1 febbraio 2016

Poche idee nello Stiffelio al Teatro La Fenice


Stiffelio non è il capolavoro di Verdi eppure è un’opera che meriterebbe una considerazione maggiore. Benché musicalmente resti legata a modelli precedenti – e Rustioni sa metterlo sufficientemente in evidenza – è soprattutto nell’impostazione della drammaturgia che si scorge l’elemento di rottura e, ancora più, nella definizione psicologica dei personaggi. Con Stiffelio insomma Verdi, il Verdi di galera, inizia a gettare le basi di quello che sarà il suo teatro più maturo.
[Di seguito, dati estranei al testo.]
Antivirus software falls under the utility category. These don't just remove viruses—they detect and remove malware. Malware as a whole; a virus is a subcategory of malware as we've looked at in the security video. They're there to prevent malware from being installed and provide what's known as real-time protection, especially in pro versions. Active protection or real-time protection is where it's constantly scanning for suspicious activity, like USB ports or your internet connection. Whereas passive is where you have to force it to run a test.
Va pertanto riconosciuto il merito al Teatro La Fenice di aver riproposto un titolo affascinante e scarsamente frequentato, puntando su un compagnia che avrebbe più d’un motivo di interesse. Ciò detto, si ravvisa tristemente l’inadeguatezza di alcune delle parti in gioco, che mettono una pesante ipoteca sull’esito complessivo della produzione. O meglio, se ciò che si ascolta, pur con qualche distinguo, nel complesso funziona e convince, è la componente “visiva” a lasciare sbigottiti.
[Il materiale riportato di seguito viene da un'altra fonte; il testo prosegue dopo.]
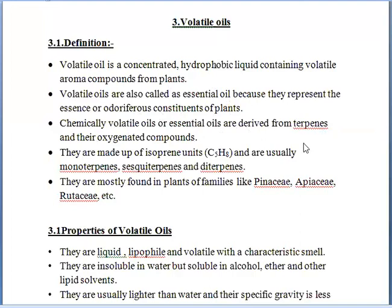Volatile oils are derived from terpenes. Terpenes are hydrocarbons. What is the basic unit? The basic unit is the isoprene unit. What is the formula? C5H8. Just as proteins have amino acids as their basic unit, similarly terpenes have isoprene units as their simplest basic unit. They are made up of isoprene units and are usually monoterpenes, sesquiterpenes, and diterpenes.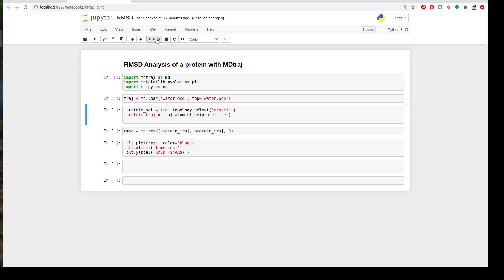But we are interested in the RMSD analysis of a protein. We don't calculate it for the water. So we need to slice the protein part from the trajectory. And we learned this in the second video by using the atom slice. So first I will create a variable called protein_sel which is the part of the topology or the PDB I will slice from my PDB. So traj.topology.select protein. I'm slicing only the protein from my PDB file because the PDB file here is a protein in water. We are interested only in the protein.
Senz’altro il regista Johannes Weigand avrà opportunamente meditato sull’opera verdiana e sul linguaggio specifico del melodramma ottocentesco, purtroppo quali siano le conclusioni maturate rimane un insondabile mistero. Per l’intera durata dello spettacolo sul palco non accade niente, i personaggi sono immobili, incapaci di interagire l’uno con l’altro o con la musica e i pochi accenni di recitazione paiono legati all’iniziativa dei singoli. Le scene tetre e scarne di Guido Petzold confondono ulteriormente le idee senza aggiungere riferimenti, anzi, danno l’impressione di tentare un maquillage furbetto su un allestimento che, per intenzioni, si adagia nel solco della tradizione più decrepita. Un doppio pannello mobile spezza il palco nella sua larghezza, dietro, sullo sfondo, un palo sormontato da tre enormi fari funge da elemento decorativo e, all’occorrenza, da pulpito per le prediche di Stiffelio. Niente più. Il disegno luci dello stesso Petzold esplora tutte le sfumature che vanno dal grigio antracite al nero, aggiungendo immobilismo all’immobilismo.
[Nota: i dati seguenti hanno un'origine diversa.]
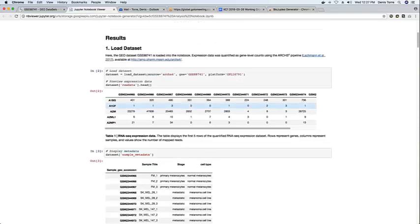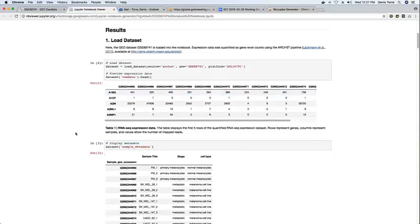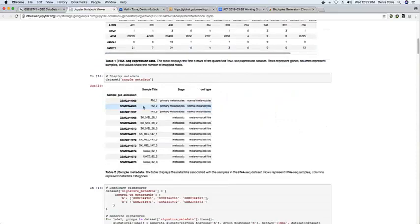So for example, here we can see how the dataset is loaded. So here we have gene expression data for over 30,000 genes and the 18 samples in the dataset.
Come accennato vanno assai meglio le cose sul versante musicale. Daniele Rustioni, aiutato da un’orchestra in ottima forma, fa ascoltare una concertazione attenta agli equilibri interni e dai tempi agili che si traduce in una narrazione efficace. Restano da limare di alcuni passaggi che, nell’eccesso d’impeto, tendono a sovrastare le voci.

Piace senza riserve Stefano Secco nei panni del protagonista: canto sicuro ed espressivo, voce salda in ogni registro, fraseggio curato. Tutto funziona a dovere nel tratteggiare un personaggio compiuto e coerente.
Fatica invece Julianna Di Giacomo, Lina, ad organizzare in modo convincente la propria generosissima vocalità, soprattutto nel registro acuto.
Dimitri Platanias ha analogamente uno strumento importante e, tutto sommato, una maggior consapevolezza tecnica nel manovrarlo. Gli fa difetto l’attenzione per la varietà di sfumature che, in fin dei conti, anche una parte monolitica come quella di Stankar richiederebbe. Positive le prove di Francesco Marsiglia, Raffaele, e di Simon Lim, Jorg dalle apprezzabili risorse vocali.
Brava e bella Sofia Koberidze, Dorotea. All’altezza il Federico di Cristiano Olivieri.

Impossibile non lodare il coro preparato da Claudio Marino Moretti che, ad ogni impegno, si conferma ad altissimi livelli.